TRENDING BAJRANGI BHAIJAAN!
History seems to be repeating itself with a twist this Rakshabandhan season as the traditional rakhis with big flowers are trending again along with Bajrangi Bhaijaan rakhis (so much so, at the time of going to press our photographers informed us that they could not manage to get a single picture of these Rakhis because they were out of stock).
Rakhi trader Kamal Singla from Bathinda said they usually procure Rakhis in bulk from Ambala and Delhi. However, Kolkata is also a hub for Rakhi production. Talking about the sale of Rakhis this year, he said the sale of Rakhis did not pick up till August 26 but they were hoping for a boom in sales on Friday and Saturday.
“This season Rakhis which have Bajrangi Bhaijaan pictures are high in demand along with Rakhis that have lights, toys and cartoon characters like Chota Bheem and Ben10. However, to our surprise people are also demanding Rakhis with big flowers on them keeping with the age-old traditional styles,” said Singla.
Meanwhile, Manoj Goyal, a sweet shop owner said, “This year, the demand for traditional sweets and chocolates is more as compared to dry fruits. We have prepared special gift packages of sweets and chocolates for Rakhi, but people haven’t started coming in to buy these yet.”
A jewellery shop owner said, “Working sisters who have money at their disposal have ordered gold or silver Rakhis as well. Some brothers have also come in to buy expensive jewellery for their sisters.”
‘BABAJI KA THULLU’ OVER MODI
Baba ji Ka Thullu Rakhi available in the Bathinda Market. (Sanjeev Kumar/HT)
Shopkeepers who bought Modi Rakhis are facing a huge loss as customers have not taken to the Prime Minister’s face beaming out of them. A shopkeeper in Bathinda, Naresh Jindal said, “Nobody wanted to buy Modi Rakhis. I have not been able to sell even one of these.”
“I invested a good amount into Modi Rakhis, but I had to dump all of them. Besides these, some people have been asking for Rakhis with ‘Baba Ji ka Thullu’ stuck on them instead of Modi,” said another shopkeeper Sunder Lal, who hails from Bathinda.

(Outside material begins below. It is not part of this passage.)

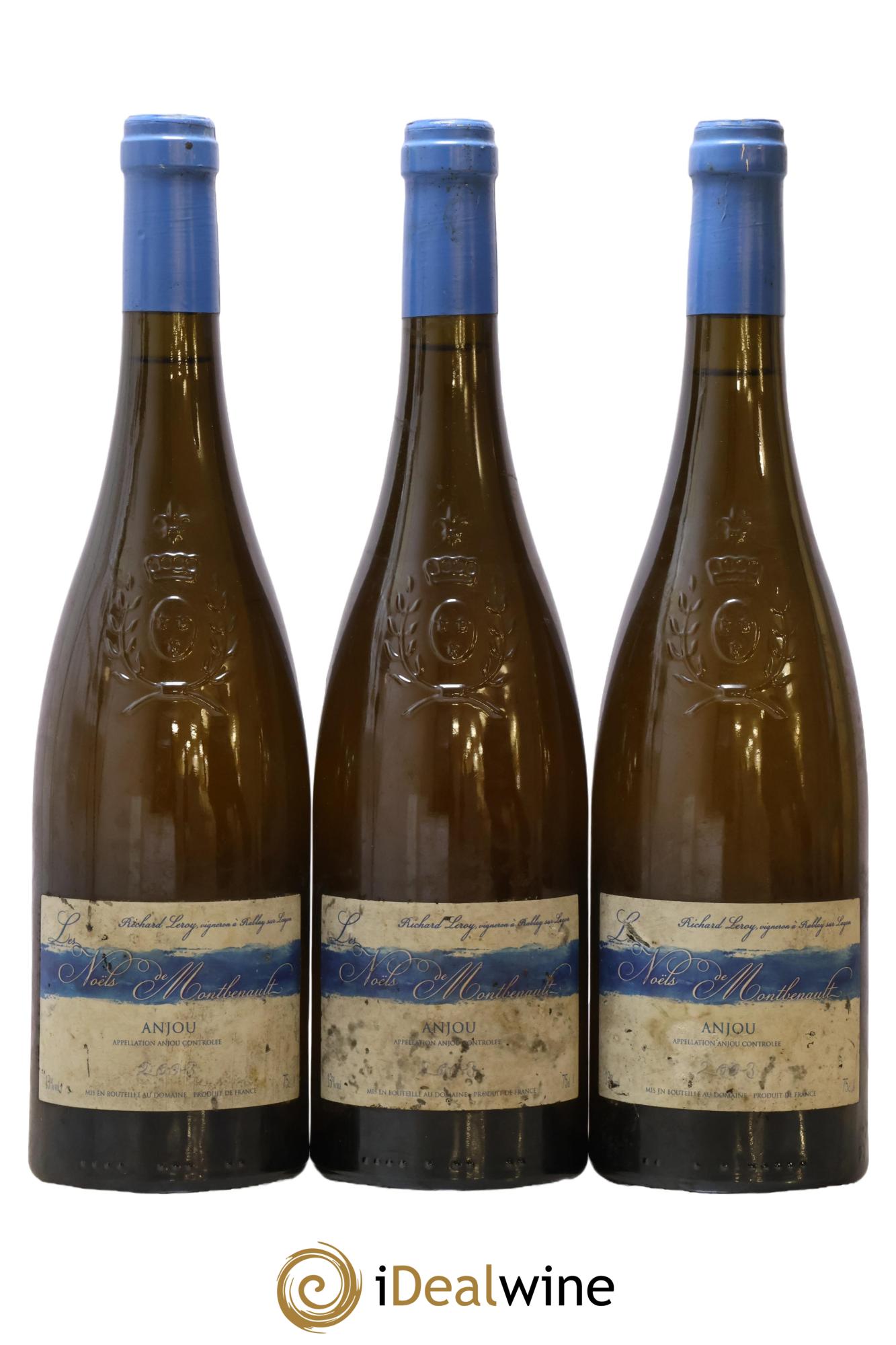 Anjou Les Noëls de Montbenault Richard Leroy 2003 - Posten von 3 Flaschen - 0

Innovative Rakhis with Modi in an animated form have flooded markets in Bathinda. (Sanjeev Kumar/HT)
A VIRTUAL TOUCH
Many Punjabis settled abroad will celebrate Rakhi through Skype chat. “My Rakhi will reach me by post in the first week of September and I will connect with my sister through Skype.
This is one of the best ways and I am eagerly looking forward to this celebration. Last year, I was at home but this time, it will be a celebration of a different kind,” says Shubhdeep Singh (21) a student studying in Toronto, Canada who hails from Bathinda.
Maninder Singh (26), another youngster from Jalandhar who runs his own business of parcels and post in Auckland, New Zealand will also celebrate Rakhi through Skype. “I have already received my Rakhi from my sister in Jalandhar but I have no time before August 31 due to a busy schedule but I will fix a time with my sister and parents in a day or two.”